Leitsatz
Die Überführung eines Wirtschaftsguts vom Betriebsvermögen in das Privatvermögen ist keine Anschaffung i.S. des § 6 Abs. 1 Nr. 1a Satz 1 EStG.
Normenkette
§ 6 Abs. 1 Nr. 1a, § 9 Abs. 1 Satz 3 Nr. 7, Abs. 5 Satz 2, § 10d Abs. 4 Sätze 4 und 5, § 21 Abs. 1 EStG, § 255 Abs. 1, Abs. 2 Satz 1 HGB, § 40 Abs. 2 FGO
Sachverhalt
Der Kläger entnahm aus seinem land- und forstwirtschaftlichen Vermögen eine vermietete Wohnung in sein Privatvermögen und sanierte sie anschließend umfangreich. Die Sanierungsaufwendungen überstiegen den bei der Entnahme angesetzten Gebäudeteilwert. Das FA nahm deshalb anschaffungsnahen Herstellungsaufwand an und änderte die Steuerbescheide für die Streitjahre entsprechend. Das FG hat die Klage abgewiesen. Das Merkmal der "Anschaffung" sei normspezifisch dahin auszulegen, dass auch die Entnahme eines Wirtschaftsguts als anschaffungsähnlicher Vorgang erfasst werde (FG Köln, Urteil vom 25.2.2021, 11 K 2686/18, Haufe-Index 14495202, EFG 2021, 1902).
Entscheidung
Auf die Revision des Klägers hat der BFH das FG-Urteil aufgehoben und die Sache an das FG zurückverwiesen. Das FG hatte – von seinem Standpunkt aus zu Recht – noch nicht geprüft, ob die umfangreichen Sanierungsmaßnahmen zu originären Herstellungskosten geführt hatten. Dies muss es nun im zweiten Rechtsgang nachholen.
Hinweis
1. Anschaffungsnaher Herstellungsaufwand setzt die Anschaffung eines Gebäudes voraus. "Anschaffung" ist ein im EStG nicht definierter Begriff. Er wird auch nicht einheitlich ausgelegt. Aber im Grundsatz besteht Einigkeit, dass ein Wirtschaftsgut aufgrund eines entgeltlichen Geschäfts von einem auf einen anderen Rechtsträger übergehen muss. Anschaffung und Veräußerung sind spiegelbildliche Begriffe; sie bezeichnen denselben Vorgang aus unterschiedlichen Perspektiven.
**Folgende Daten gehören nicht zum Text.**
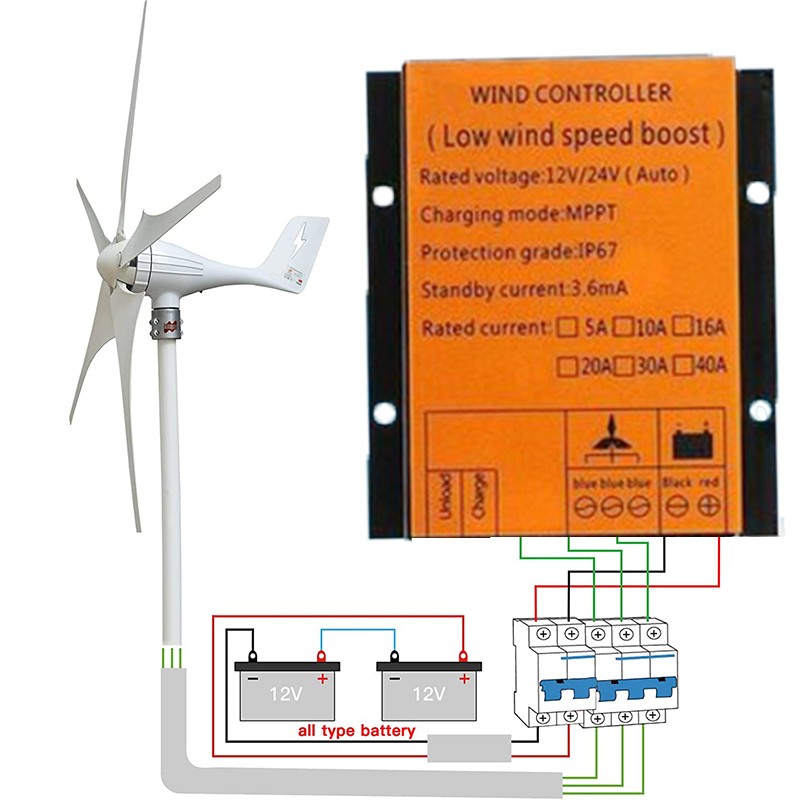 3000W MPPT Charge Controller 12V 24V 48V Wind Turbine Generator Regulator Boost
a) Bei der Entnahme eines Wirtschaftsguts aus dem Betriebsvermögen fehlt es sowohl an einem entgeltlichen Vorgang als auch an einem Rechtsträgerwechsel. Nach dem Wortsinn liegt eine Anschaffung nicht vor.
b) Es fehlt in Bezug auf § 6 Abs. 1 Nr. 1a EStG auch an einer Vorschrift, die die Entnahme aus dem Betriebsvermögen einer Anschaffung ausdrücklich gleichstellt (wie z.B. in § 23 Abs. 1 Satz 2 EStG).
c) Die Nichterfassung der Entnahme aus dem Betriebsvermögen entspricht aber auch dem Normzweck. Die Vorschrift will die Erwerber unsanierter und sanierter Gebäude in steuerlicher Hinsicht gleichstellen. Wer ein saniertes Gebäude erwirbt und auf den höheren Kaufpreis nur die AfA geltend machen kann, soll steuerlich nicht schlechter stehen als derjenige, der das Gebäude erst nach dem Erwerb saniert. Diese Erwägungen lassen sich auf die Entnahme aus dem Betriebsvermögen nicht übertragen. Wer vor der Entnahme saniert, hat (vorbehaltlich originärer Herstellungskosten) sofort abziehbaren Aufwand. Etwas anderes sollte nicht gelten für denjenigen, der nach der Entnahme saniert.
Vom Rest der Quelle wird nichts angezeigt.